The views aren't bad, but beware the insurance premiums. Gangi, with Europe's largest active volcano, Mount Etna, in the distance.Photograph by Rob Francis — Getty Images/Robert Harding World Imagery

This article is published in partnership with The original version can be found here.

By Alissa Greenberg @alissaleewrites

In a move straight out of your European daydreams, the Sicilian mountain village of Gangi is giving away for free or at a steep discount many of the houses that line its ancient stone streets.

But there’s a catch, the New York Times reports. Anyone who takes the 13th century village up on its offer of a house has only a few years to restore it, and the buildings are often long abandoned and in advanced states of decay, requiring extremely costly renovations in order to become habitable. Oh, and Mount Etna might just throw some volcanic ash your way from time to time.

Starting in the 1890s, Gangi experienced mass emigration, with much of its population leaving for the U.S. or Argentina. In the 1950s, the village had 16,000 residents, the town’s Mayor Giuseppe Ferrarello told the Times. Today the population is less than half that.

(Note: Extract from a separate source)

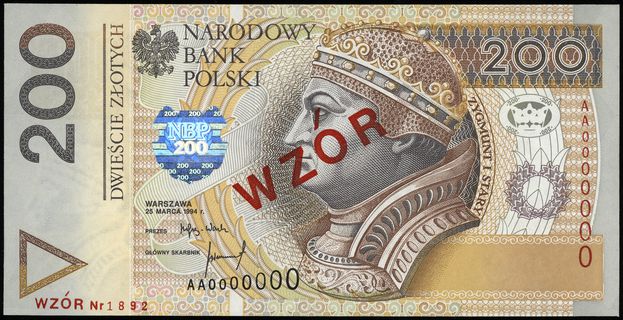 200 złotych 25.03.1994, WZÓR, seria AA, numeracj
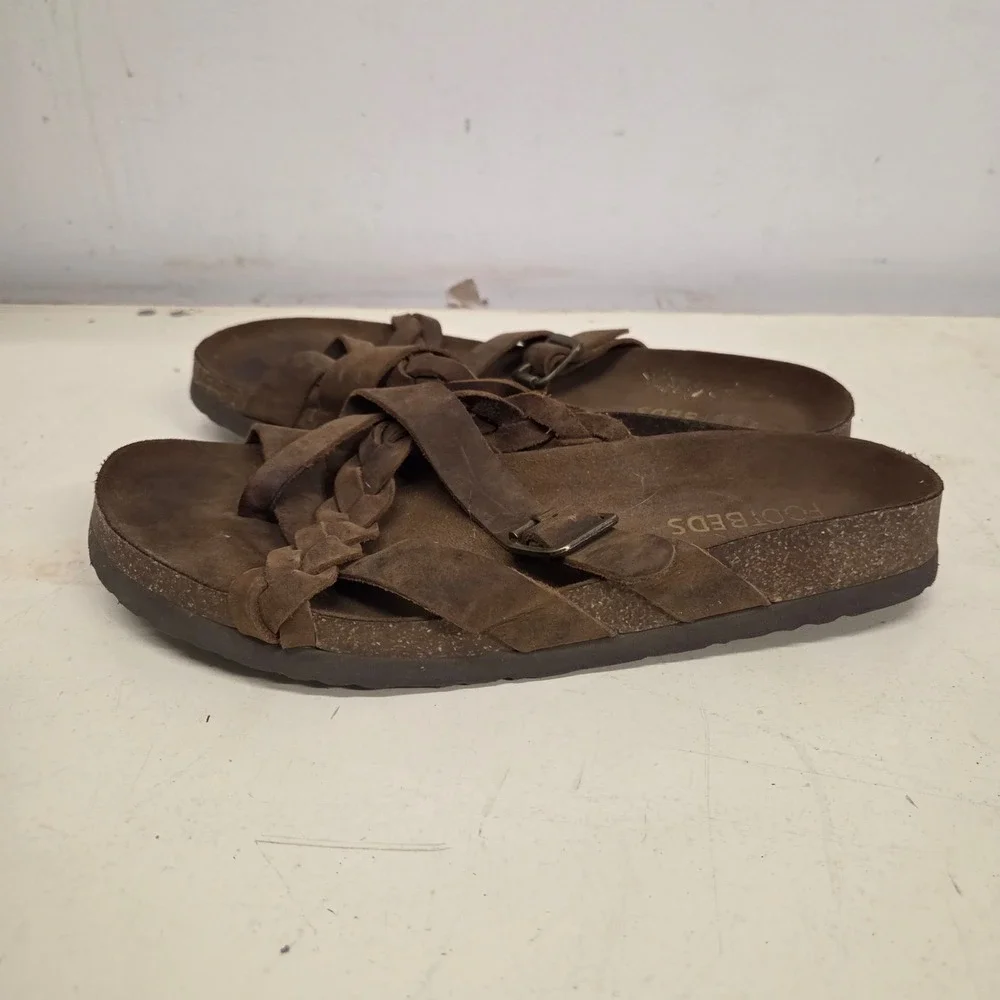 White Mountain Footbeds Brown Suede Braided Strappy Buckle Slide Sandals Mens 9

The result was a glut of empty homes, many of them traditional structures that hosted farm animals on the bottom floors and the family on the top. Their history and charm has lured interest from as close as Palermo and as far as Abu Dhabi.

There’s now a lengthy waiting list, allowing the village to choose applicants that will add something to the town. One Florence-based company, for example, acquired two free houses, and bought seven more. It plans on joining them together to make a hotel with historical character.

It’s all for the love of the town and its future. “We want our children to stay here and not leave,” Ferrarello said.